Before the discovery of antibiotics, sulphur was the leading anti-bacterial drug. Every Queensland household in the 19th century would have a kilo or two of sulphur flowers for burning, and a few bottles of sulphurous acid for gargling.
Diphtheria was one of the greatest killers of the 19th century and the one and only line of defence against Diphtheria was sulphur. First the patient’s room was sealed tightly, and while the patient was still in it, ½ kilo of sulphur was burnt in the room. Next, the tonsils were brushed with sulphurous acid. Great care had to be taken to make certain that sulphurous acid and not sulphuric acid was used. There were many cases of patients’ throats being burnt out, because of this mix up. The patient then gargled a mixture of sulphur and water before going to bed with a few teaspoons of sulphur folded in their pyjamas. This cure was hard on the patients but spare a thought for the rest of the household and the neighbourhood for that matter. During diphtheria outbreaks the suburbs reeked of sulphur.
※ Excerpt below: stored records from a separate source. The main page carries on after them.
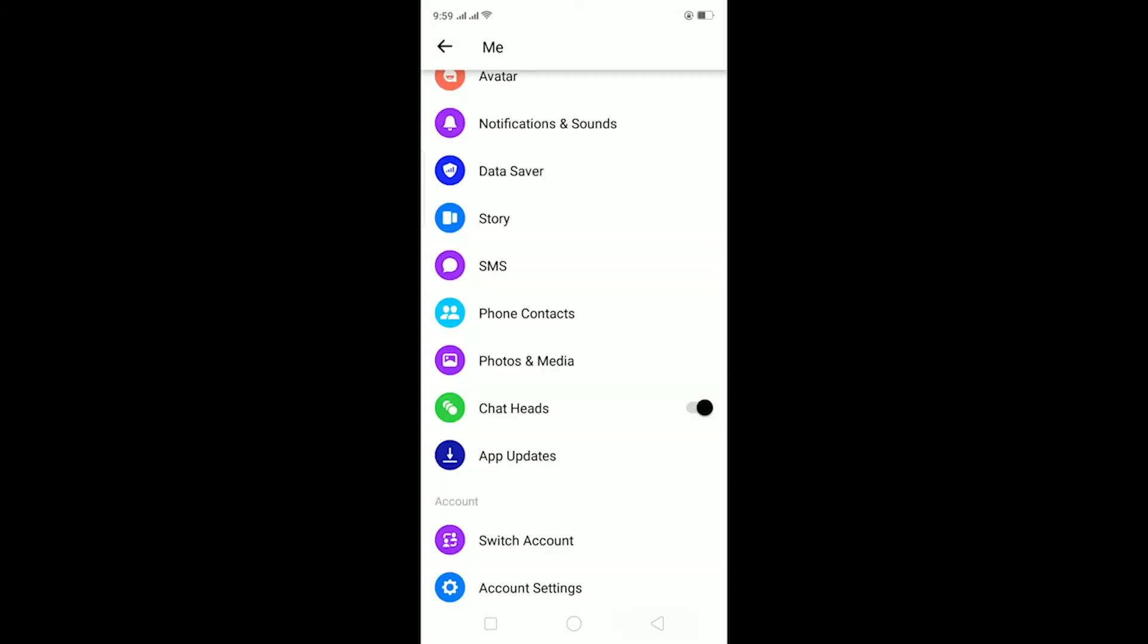And remember, for auto-saving photos, your phone must have enough storage. If your phone does not have sufficient storage, then Messenger cannot store the photos on your phone, so make sure you have enough storage.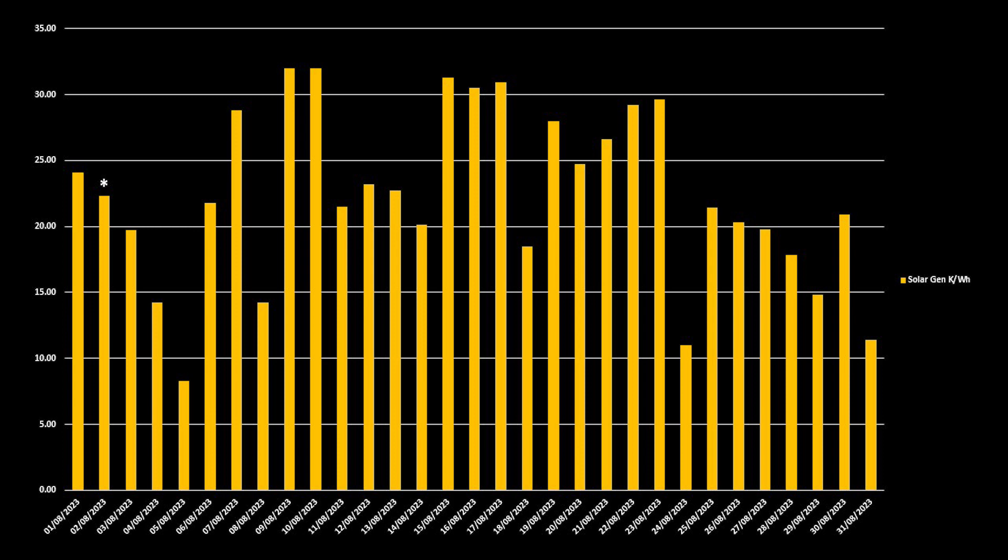For August overall, we saw 692kWh of generation, which is down on July, but that is to be expected as the solar day is now shortened day by day. Overall, we averaged 22kWh of generation per day, but we only saw five days where generation was over 30kWh. Our worst day was the 5th of August where we only generated 8.3kWh, but our best days were the 9th and the 10th of August where on both days we generated 32kWh.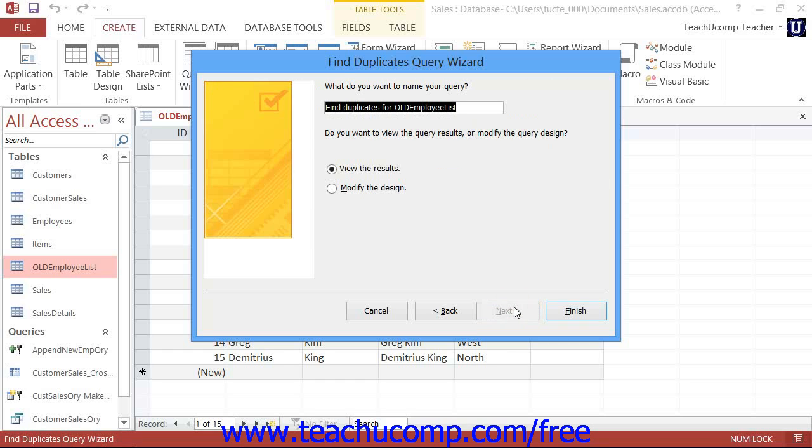In the last screen, you can type a name for the query into the text box available and then click the Finish button to view the duplicates in a query result set.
The great child killer of the 19th century was croup. The most dreaded sound a mother could hear was the sharp cough of the croup. Mothers were desperate for cures. One mother wrote to the newspapers with her cure. Her pen name was ‘Experienced” and with good reason. She had beaten off over twenty attacks of the croup with her cure. First the patient was given an enema made of mustard, salt and water. Next a mustard plaster was applied to the throat and chest and the patient was placed in a hot bath and covered to the neck with a blanket. After the bath the patient was wrapped in blankets, kept in bed, and after a few days, the patient would be right as rain.
Skin cancer ravaged our forebears just as much as it does today. One cure shows what a different world it was then. Spirit of salt applied once a day for a week would turn the cancer black and it would drop off within a few days. Ah, if it only could be so simple.